Print each line below verbatim, skipping every picture.

Collected data entries:
== == ==
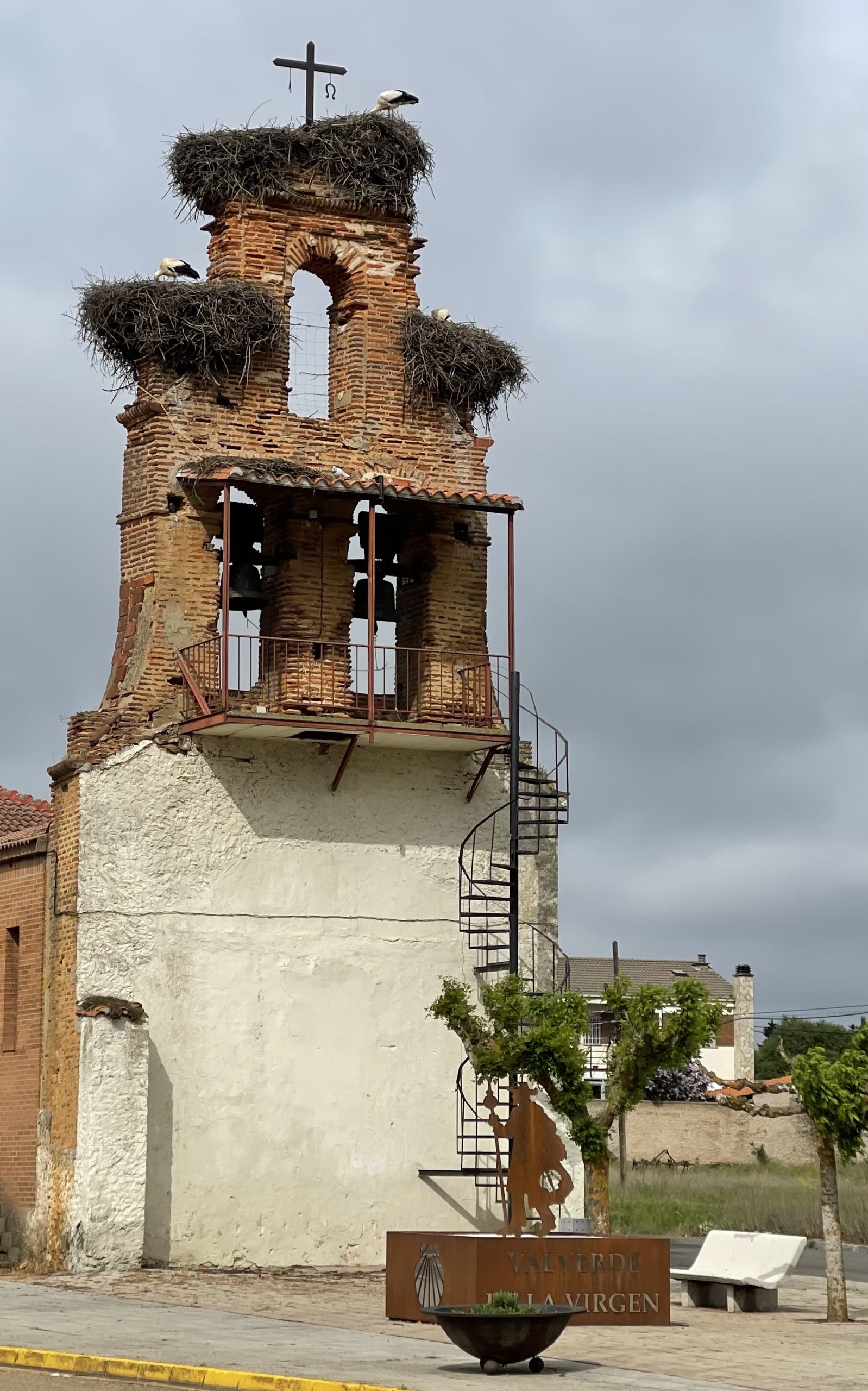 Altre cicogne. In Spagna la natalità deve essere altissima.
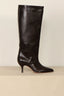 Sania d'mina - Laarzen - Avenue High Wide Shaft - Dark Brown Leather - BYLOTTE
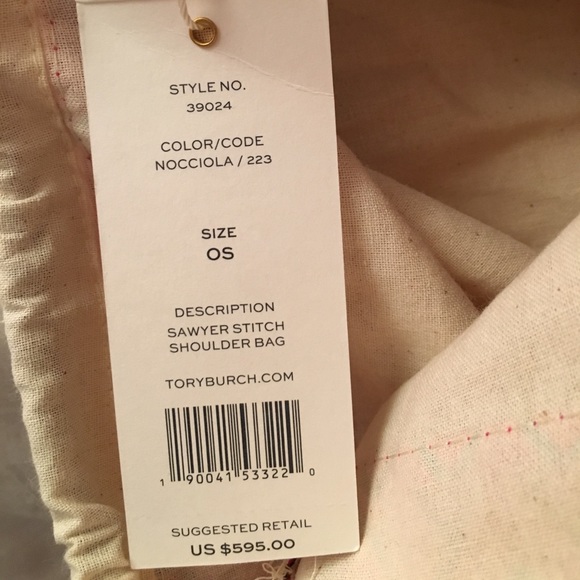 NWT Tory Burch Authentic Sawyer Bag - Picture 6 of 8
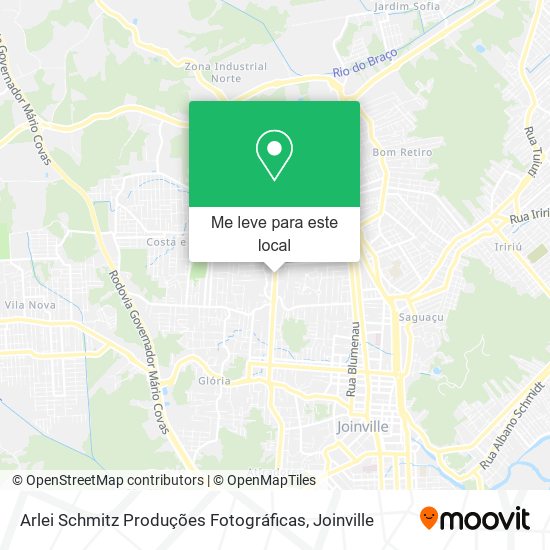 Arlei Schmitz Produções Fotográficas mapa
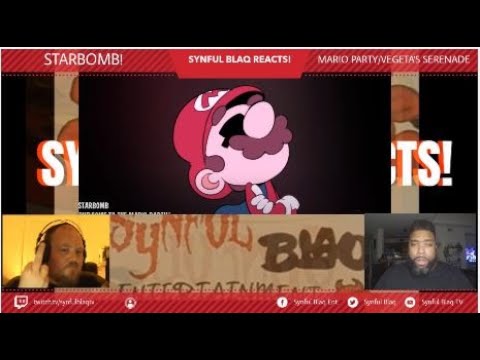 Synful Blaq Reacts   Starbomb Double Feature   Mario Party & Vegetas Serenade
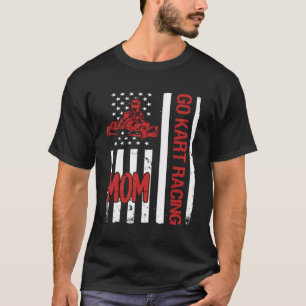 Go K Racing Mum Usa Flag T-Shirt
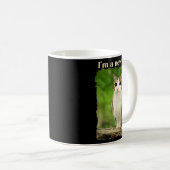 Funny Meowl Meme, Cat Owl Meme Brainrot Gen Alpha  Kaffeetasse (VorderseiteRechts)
== == ==
ANSWER TO THE EXERCISE:
 Altre cicogne. In Spagna la natalità deve essere altissima.
 Sania d'mina - Laarzen - Avenue High Wide Shaft - Dark Brown Leather - BYLOTTE
 NWT Tory Burch Authentic Sawyer Bag - Picture 6 of 8
 Arlei Schmitz Produções Fotográficas mapa
 Synful Blaq Reacts   Starbomb Double Feature   Mario Party & Vegetas Serenade
 Go K Racing Mum Usa Flag T-Shirt
 Funny Meowl Meme, Cat Owl Meme Brainrot Gen Alpha  Kaffeetasse (VorderseiteRechts)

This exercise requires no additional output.